I’ve just finished the last updates on my main website for Tallinn, Estonia. The last significant chapter to go up was this one for Patarei prison, based on my visit to the place at the end of July this year. I already featured a couple of Patarei photos in this general Baltics post on this Blog that I uploaded in August. However, Patarei is such a photogenic place that it really deserves another post of its own. See also the photo gallery on the website. Here I’ll reproduce a couple from that gallery in a somewhat different format and will add several extras not featured on the website, since in contrast to that more encyclopaedic site this blog is frequently more about the visual (rather than about museum narratives).
Consider for instance this atmospheric photo taken at the outdoor “tiger cage” cells – this one featured an artistic representation of a female prisoner:
Inside, the prison became even more photogenic – in that dark way. Like this grim cell tract corridor in the main building:
Also part of the museum is the ground floor of one of the annexes to the old prison building. Inside you can see a number of single-occupancy cells, such as this one:
Upstairs in the main wing the cells were much larger and used to be more communal, with multiple bunk beds like these:
You’d be forgiven if you came to the conclusion from the absence of any people in my shots that I had the place all to myself. In fact, though, nothing could be further from the truth. It was actually really busy when I was there. But I always go to great pains to ensure my shots do not have anybody in them, if at all possible. Sometimes this means having to wait a long time for people to move on.
Along the main corridor were a few guard posts, such as this one:
This one could even be entered, so I assumed the guard’s position to check the view from in there out into the corridor:
One of the most atmospheric shots I manage to get in, I think, is this one of a barred prison window with net curtains (who would ever have expected that inside a prison cell tract!):
Another beautiful image (in that beauty-in-decay sense) of a prison window is this:
This photo, had I already had it, could have been one to feature in the broken-glass themed post from 23 February this year.

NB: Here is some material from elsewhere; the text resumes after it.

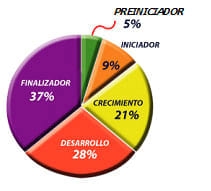 Nutrición rentable del lechón moderno (parte I) ¿Cómo seleccionar un preiniciador? - Image 11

Back outside, actually just outside the premises, this is a view of one of the many rusty-metal watchtowers you find at Patarei (same as on the featured photo at the top of this post):
… or maybe this should have been “watchtowers you can still find at Patarei”. That’s because the place is changing. There are some big plans afoot for the future (more about that in a bit), and some changes have already occurred. Consider for instance this photo taken from the road showing the west wing of the complex (the museum is in the east wing):
You can see that the chimney stack on the left is now free-standing in the middle of an empty space. This used to look very different. Compare that with this photo I took back in 2014 during my first visit to Tallinn:
If you look closely at the top of the chimney stack you can also see that it seems to have been repaired. From newer photos I’ve seen I also know that the chimney now bears the letters “Merekindlus”, meaning ‘sea fortress’ in Estonian. This is also the name of the project for the future of the site. This is a twofold project. On the one hand, the museum exhibition in the east wing will be upgraded and expanded to become an “International Museum for the Victims of Communism” (see also Maarjamäe). The website promises, though, that the original cells will be preserved.
However, and on the other hand, the plans for the rest of the large complex have far less to do with preservation. Rather the opposite. The idea is to convert it into a rather commercial mixed-use site with offices/businesses, restaurants, shops, entertainment facilities and apartments and the inner courtyards are to be covered by glass roofs, thus altering the appearance of the ex-prison substantially.
This poster by the entrance to the inner large courtyard (which currently is used by artists and pop-up food stalls) features a glimpse of that future:
They call it “the future is beautiful”, but I find it rather sad that apparently only such a degree of commercialization is considered “beautiful” (you can also get more details from the associated website – external link).
And a lot has been lost in terms of dark-tourism appeal already. Interestingly, you can travel back in time, as it were, by means of the photos you can still find online, such as on Google Maps (see here). In the past, when Patarei was more of an urbexing attraction, you could even see the abandoned hospital of the complex. This is presumably either already gone or will be removed in the course of the commercial conversion. The same will probably apply to the abandoned library that shows up on some photos or to the many examples of artful graffiti. These photos were mostly taken between 2014 and 2017; one from 2021 shows workers in high-vis vests clearing away debris …
Already gone for definite is the system of yet more outdoor “tiger cages” that used to fill the inner courtyard (where the pop-up arty scene is now). These were branching off a central corridor and with a guard walkway above. You can also find some good photos of Patarei as it used to be on the abandonedspaces website (external link).